Every so often, the hobby delivers a moment so perfect you couldn’t script it any better if you tried.
A rare Shohei Ohtani card limited to just 10 copies sat quietly inside a sealed Topps Allen & Ginter rip card for six years before anyone knew what was inside.
The story comes to us via JerseyWild_ on X, and it’s one of those finds that makes you want to dig through every rip card you’ve ever passed on.
Editor’s Note: Looking to Sell Sports Cards? Here’s How to Do It Quickly & Easily
The Rare Shohei Ohtani Card That Time Forgot
A guy and his girlfriend pulled a rip card in 2019.
Ichiro on the front. Matsui on the back.
They held it for 6 years without ripping it.
Last week she finally said, “just do it.”
This is what was inside…
And now it’s mine 🫢 pic.twitter.com/XBODZvQgIe
— Josh Richter (@JerseyWild_) March 14, 2026
As you can see from the original post featured above, a couple pulled a rip card from an Allen & Ginter set in 2019. Since the card had Ichiro on the front and Hideki Matsui on the back, they decided not to rip this bad boy open.

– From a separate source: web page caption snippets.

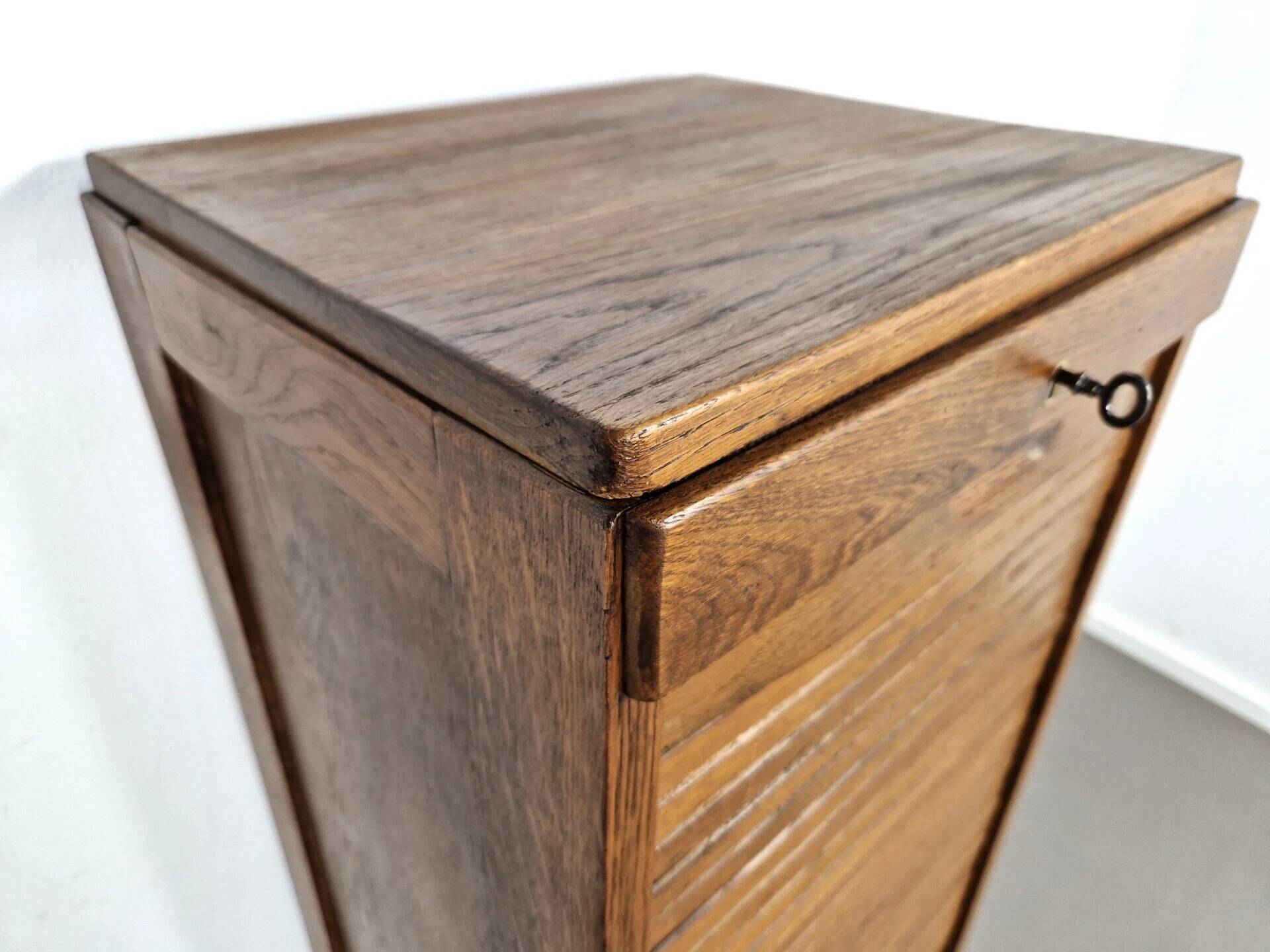 Vintage large oak shutter cabinet | 1930s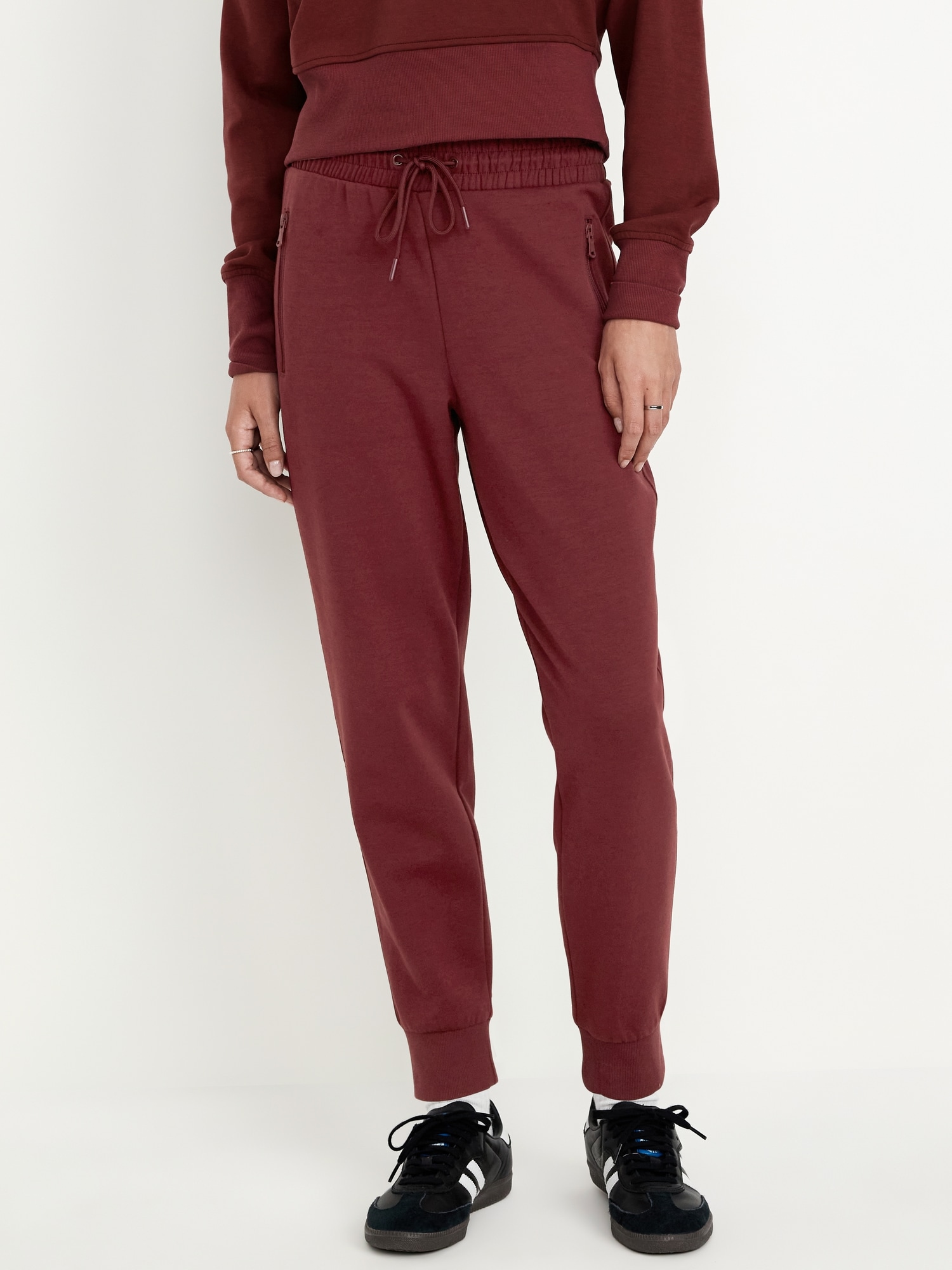 High-Waisted Dynamic Fleece Joggers - Red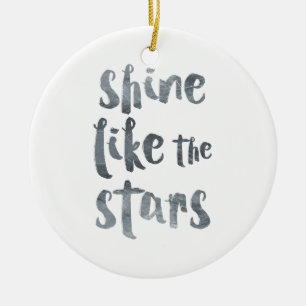 Adorno De Cerámica Brilla como las estrellas - Motivación metálica pl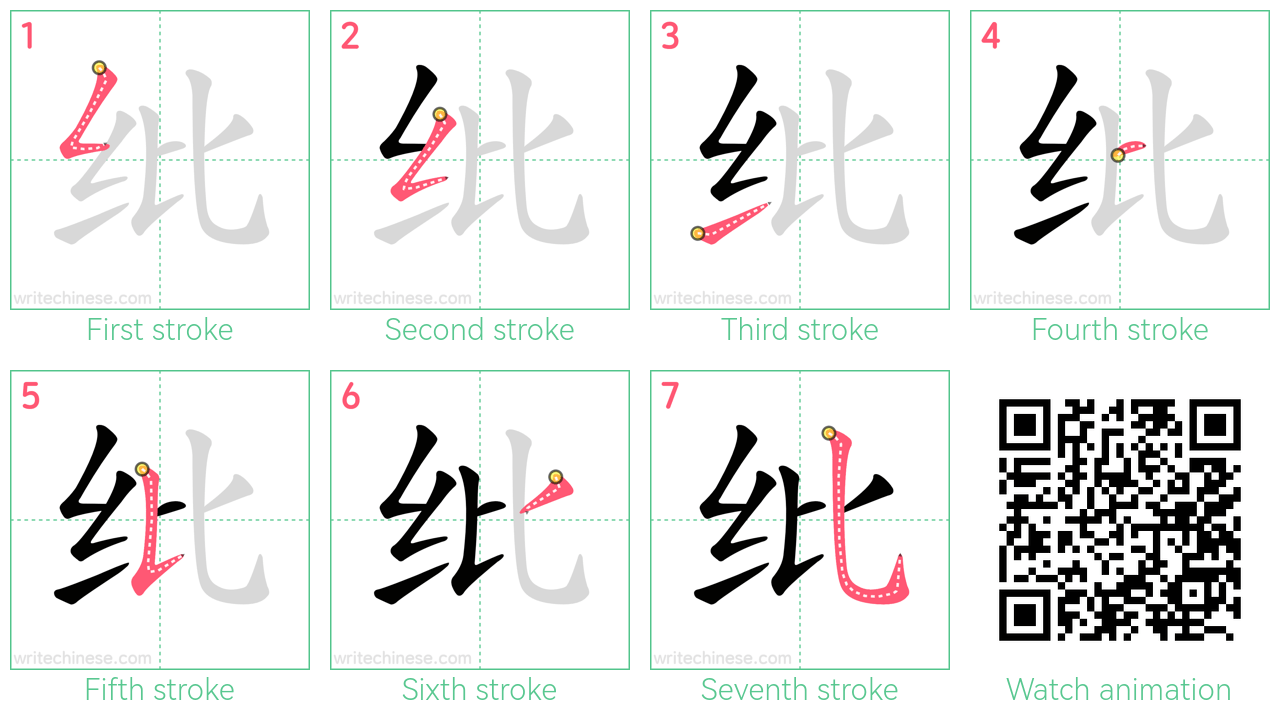 纰 step-by-step stroke order diagrams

But the real prize was sealed inside. It stayed that way for six years before finally deciding to rip it open, and the reward was enormous. What came out was a Mini Stained Glass Shohei Ohtani card, hand-numbered to just 10 copies. That’s as good a story as this hobby gets, and it’ll probably make anyone who has been holding to a rip card consider opening it up.
What Makes This Card So Compelling
A Mini Stained Glass parallel from Topps’ Allen & Ginter selection is one of the most visually distinct cards in any year’s release. Most are serial-numbered to 25 copies, but of course, this version is extra special because there are only 10 copies out in the wild.
It’s even more special given the fact that it’s a Shohei Ohtani card from his early Angels years. This happened while he was still establishing himself in the big leagues and before all the MVPs started piling up on his mantle at home.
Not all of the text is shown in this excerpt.